Every technique here exists to handle one of those three facts. Timeouts and retries handle failure. Pagination handles size. Backoff and rate-limit handling handle throttling. Parameterized queries and cursors handle databases safely. Secrets handling keeps your credentials out of logs.
The goal is a source that the rest of your pipeline can treat like any other iterable of records, with all the boundary mess hidden behind one clean, testable function. We build toward exactly that by the end of the chapter.
Why data engineers care
Code that ignores the boundary works in a demo and fails in production: it hangs on a slow call, crashes on a flaky one, gets banned for ignoring rate limits, or leaks a secret into a log. Treating the boundary with respect is what makes a pipeline survive contact with reality.
Core mental model
Inside your process: trust it. Across the boundary: assume slow, flaky, and rate-limited, and code defensively for all three.
Inside your process
fast · reliable · in your control
Pure transforms over records, as in chapters 1-10.
External world (API / DB)
- • slow (network latency)
- • flaky (can fail any call)
- • rate-limited (will throttle you)
- • changes without warning
Every rule in this chapter exists because the right side is slow, flaky, and rate-limited.
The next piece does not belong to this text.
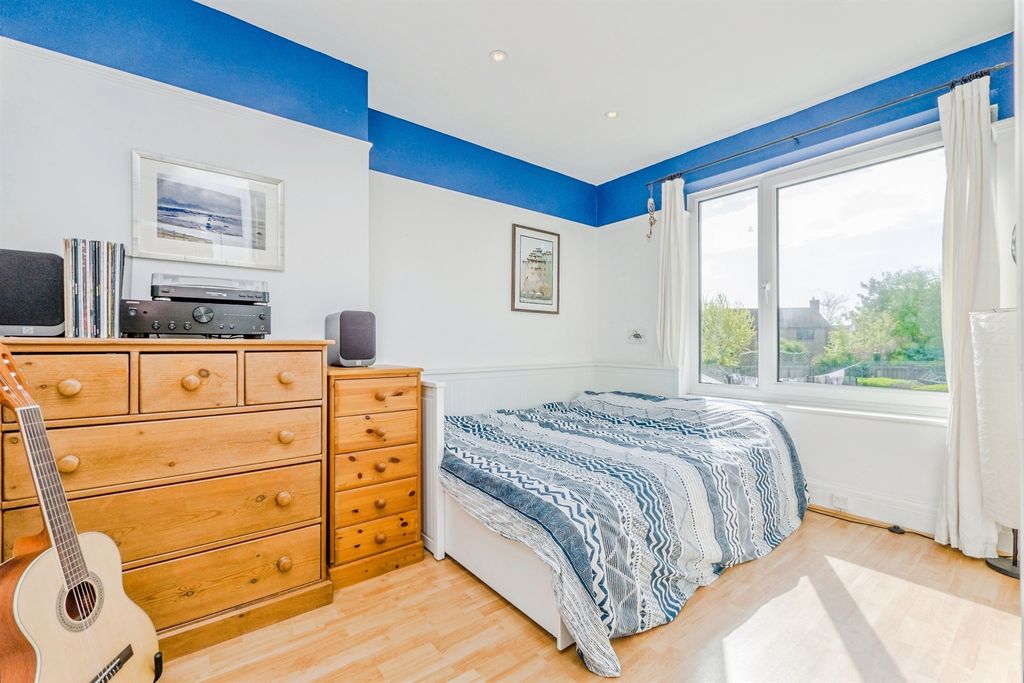 Additional image 9 of 3 bed semi-detached house for saleHighfields, Cardiff CF5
Code that ignores that works in a demo and fails in production.
- boundary
- The line between your process and an external system (API or database) you do not control.
- transient failure
- A temporary error (timeout, 429, 5xx) that often succeeds if retried.
- idempotent read
- A read that returns the same slice when repeated, so a rerun does no harm.
- source
- A function that hides boundary concerns and yields records to the rest of the pipeline.
Common mistake
Treating an API or database call like a local function that always returns instantly and succeeds.
The first slow or failed call hangs or crashes the whole job, often at 3am when the upstream has a bad day.
Better habit
- Assume every external call can be slow, fail, or be throttled.
- Decide the failure and retry policy before writing the happy path.
- Hide boundary details behind a single source function.
Upstream systems have outages, deploys, and rate-limit changes you never hear about. Your job has to absorb that without losing or duplicating data.
Asked to "pull data from an API", a senior answer names timeouts, retries with backoff, pagination, and rate limits before writing a single line. That checklist is the signal.
Practice prompts
- List the three facts that become true once a call crosses the boundary.
- Name which technique in this chapter addresses each of those three facts.
Remember this
Crossing the boundary changes the rules: code for slow, flaky, and rate-limited from the first line, and hide it behind a clean source.